Bereits im Juli 1999 hatte das VG Chemnitz im Asylverfahren einen Beweisbeschluss erlassen. Dabei geht es um die Frage, ob dem Bf in der Türkei gerade aus den Gründen des Strafverfahrens politische Verfolgung droht. Das VG Chemnitz forderte eine Auskunft beim Auswärtigen Amt darüber an, ob in der Türkei gegen den Bf ermittelt werde.

Der Bf teilte dies dem Landgericht (LG) Oldenburg im Rahmen seiner sofortigen Beschwerde gegen die Anordnung der Abschiebungshaft mit. Das LG Oldenburg wies die sofortige Beschwerde mit Beschluss vom 26. Januar 2000 zurück. Hiergegen legte der Bf sofortige weitere Beschwerde beim Oberlandesgericht (OLG) Oldenburg ein.

Am 16. Februar 2000 ordnete das Niedersächsische Oberverwaltungsgericht (OVG) die aufschiebende Wirkung des Widerspruchs des Bf gegen die Ausweisungsverfügung bis zur Entscheidung im Widerspruchsverfahren an, soweit die Abschiebung des Bf in die Türkei angeordnet worden ist. Dies begründete das OVG im Wesentlichen damit, es bestehe nach den derzeitigen Erkenntnissen die konkrete Gefahr, dass der Bf bei einer Rückkehr in die Türkei wegen des Verdachts, die PKK unterstützt zu haben, von den türkischen Sicherheitsbehörden verhört und dabei gefoltert werde. Die vom VG Chemnitz angeforderte Auskunft des Auswärtigen Amtes wie auch die Entscheidung des VG Chemnitz selbst im Asylverfahren lägen noch nicht vor; beide seien bei der Entscheidung über den Widerspruch zu berücksichtigen. Über die Abschiebung des Bf in die Türkei könne daher zum gegenwärtigen Zeitpunkt noch nicht entschieden werden.
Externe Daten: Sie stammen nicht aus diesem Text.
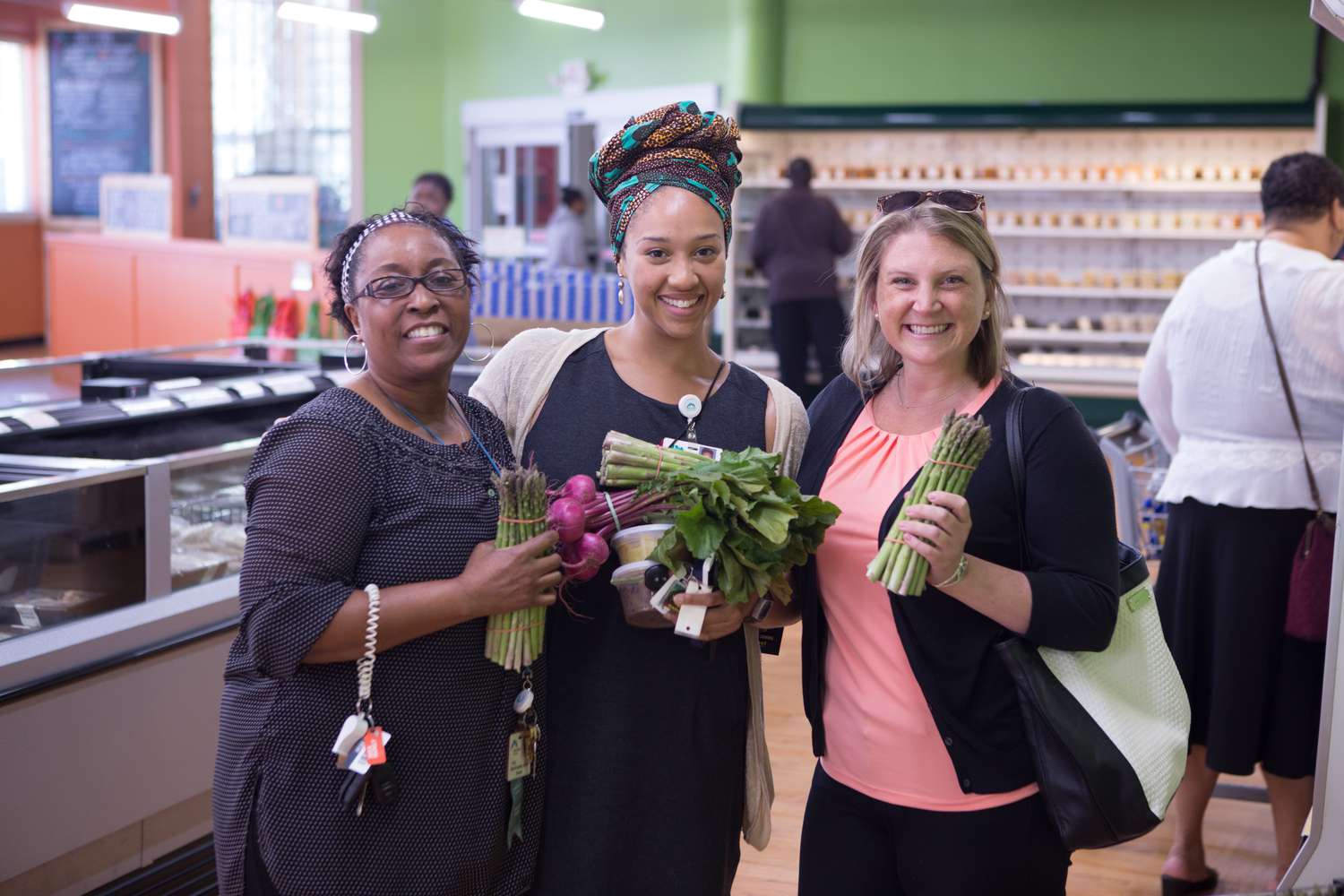women with fresh produce at Daily Table store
Der Bf teilte dies dem OLG Oldenburg zur Begründung seiner sofortigen weiteren Beschwerde gegen die Abschiebungshaft mit. Mit Beschluss vom 21. Februar 2000 wies das OLG Oldenburg diese zurück, da die in § 57 Abs. 2 Nr. 5 AuslG vorgesehenen Gründe zur Anordnung der Abschiebungshaft vorlägen. Die Anordnung der Abschiebungshaft setze nicht voraus, dass die Ausreisepflicht bereits vollziehbar sei.

2. Die 2. Kammer des Zweiten Senats hat die Entscheidung des OLG Oldenburg aufgehoben, da sie den Bf in seinem Grundrecht aus Art. 2 Abs. 2 Satz 2 i.V.m. Art. 20 Abs. 3 GG verletzt. Zur Begründung führt die Kammer im Wesentlichen aus:

Das Freiheitsgrundrecht verpflichtet in Verbindung mit dem Rechtsstaatsprinzip die Gerichte zu einer umfassenden Prüfung der Voraussetzungen für eine Anordnung von Abschiebungshaft. Im Rechtsmittelverfahren hat das zuständige Gericht insbesondere zu prüfen, ob die Voraussetzungen für die Aufrechterhaltung der Haft noch vorliegen oder nachträglich entfallen sind. Dies ist in der Regel zu bejahen, wenn durch eine verwaltungsgerichtliche Entscheidung die Ausreisepflicht des Inhaftierten aufgehoben ist oder seine Abschiebung für längere Zeit nicht erfolgen kann. Ist die Abschiebung nicht durchführbar und die Freiheitsentziehung deshalb nicht erforderlich, verbietet der Verhältnismäßigkeitsgrundsatz die Anordnung oder Aufrechterhaltung von Abschiebungshaft. Das öffentliche Interesse an der Sicherung einer Abschiebung und der Freiheitsanspruch des Betroffenen sind gegeneinander abzuwägen. Dabei ist zu berücksichtigen, dass sich das Gewicht des Freiheitsanspruchs gegenüber dem öffentlichen Interesse mit zunehmender Dauer der Haft vergrößern wird.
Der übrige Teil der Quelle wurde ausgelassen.